Why doesn't elser_model_1 generate the Vectors during index?

No matter what I try, I don't get any errors during indexing, but when I search, the ml_title and ml_description fields are not in the results. When I look at the mappings, they are there with the correct configurations.

I followed the primary documentation, and I also used Using ELSER for multiple fields - #2 by wei.wang as a reference.

I confirmed the elser_model_1 has been installed, started and running.

I confirmed the pipeline exists

I confirmed when I index the doc, I pass the _pipeline

Is there a log file, or anything that I could look for to see if there was an error ?
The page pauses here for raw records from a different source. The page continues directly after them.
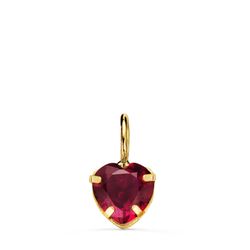 Colgante Oro 18kts N8999-3RO5 Corazón Circonita Roja 6x6mm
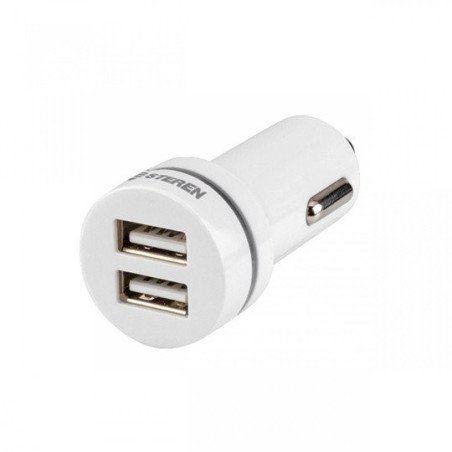 Cargador USB para auto, blanco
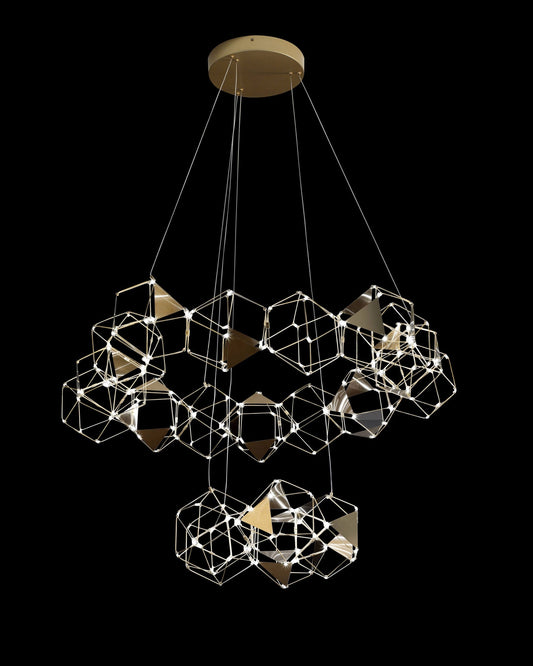 Lucciola Embellished 20 Prism 2 Tier Pendant Brass Light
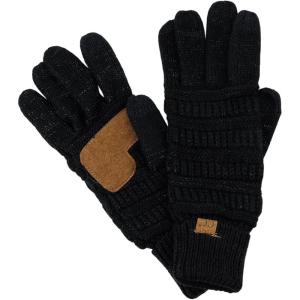 imageCC Unisex Cable Knit Winter Warm AntiSlip Touchscreen Texting GlovesBlack Metallic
Here is a PHP sample of my index.

$params = [
	'index' => 'job_postings',
	'body' => [
		'mappings' => [
			'_source' => [
				'enabled' => true
			],
			'properties' => [
				'publish_id' => [
					'enabled' => false
				],
				'title' => [
					'type' => 'text',
					'index' => true
				],
				'ml_title.tokens' => [
					'type' => 'rank_features'
				],
				'description' => [
					'type' => 'text',
					'index' => true
				],
				'ml_description.tokens' => [
					'type' => 'rank_features'
				]
			]
		]
	]
]; 

try {
	$response = $client->indices()->create($params);
} catch(Exception $e) {
	$response = $e->getMessage();
}

Here is the pipeline I created

PUT _ingest/pipeline/job_postings-elser
{
  "on_failure": [
    {
      "set": {
        "description": "Record error information",
        "field": "error_information",
        "value": "Processor {{ _ingest.on_failure_processor_type }} with tag {{ _ingest.on_failure_processor_tag }} in pipeline {{ _ingest.on_failure_pipeline }} failed with message {{ _ingest.on_failure_message }}"
      }
    }
  ],
  "processors": [
    {
      "inference": {
        "model_id": ".elser_model_1",
        "target_field": "ml_title",
        "field_map" : {
          "title": "text_field"
        },
        "inference_config": {
          "text_expansion": {
            "results_field": "tokens"
          }
        }
      }
    },
    {
      "inference": {
        "model_id": ".elser_model_1",
        "target_field": "ml_description",
        "field_map": {
          "description": "text_field"
        },
        "inference_config": {
          "text_expansion": {
            "results_field": "tokens"
          }
        }
      }
    }
  ]
}

Then when I index the doc, here is the sample code.

$jData = [
	'publish_id' => '1234567890',
	'title' => 'Web Developer',
	'description' => 'You role in the company .....'
];


$params['body'][] = [
	'index' => [
		'_index' => 'job_postings',
		'_id' => '1234567890'
	],
	'_pipeline' => 'job_postings-elser'
];
$params['body'][] = $jData;

try {
	$response = $client->bulk($params);
} catch(Exception $e) {
	$response = $e->getMessage();
}

After this completes with no errors, I go to Kibana and run

GET job_postings/_search

The docs are there in the results, but ml_title and ml_description fields are no wheres in the search results.

Or does it just take a long, long time to process? If that is the case, how do I know a document is being processed and when it will be complete?

It took a while but I finally did get my fields back from the leaning model. Can someone tell me if there is a way to monitor what the pipeline is processing so we can gauge is there is bottle necks, errors or time to complete?

Hi Mike,

This API can be used to retrieve model usage information: GET _ml/trained_models/.elser_model_1/_stats . Or, through UI, in your attached picture, click ">" to expand, you will see model & pipeline details information.

I don't know much about PHP, however, you might consider using batches (size: 50 or 100) : using Bulk indexing with batches, which should help for your case.

Regards.

This topic was automatically closed 28 days after the last reply. New replies are no longer allowed.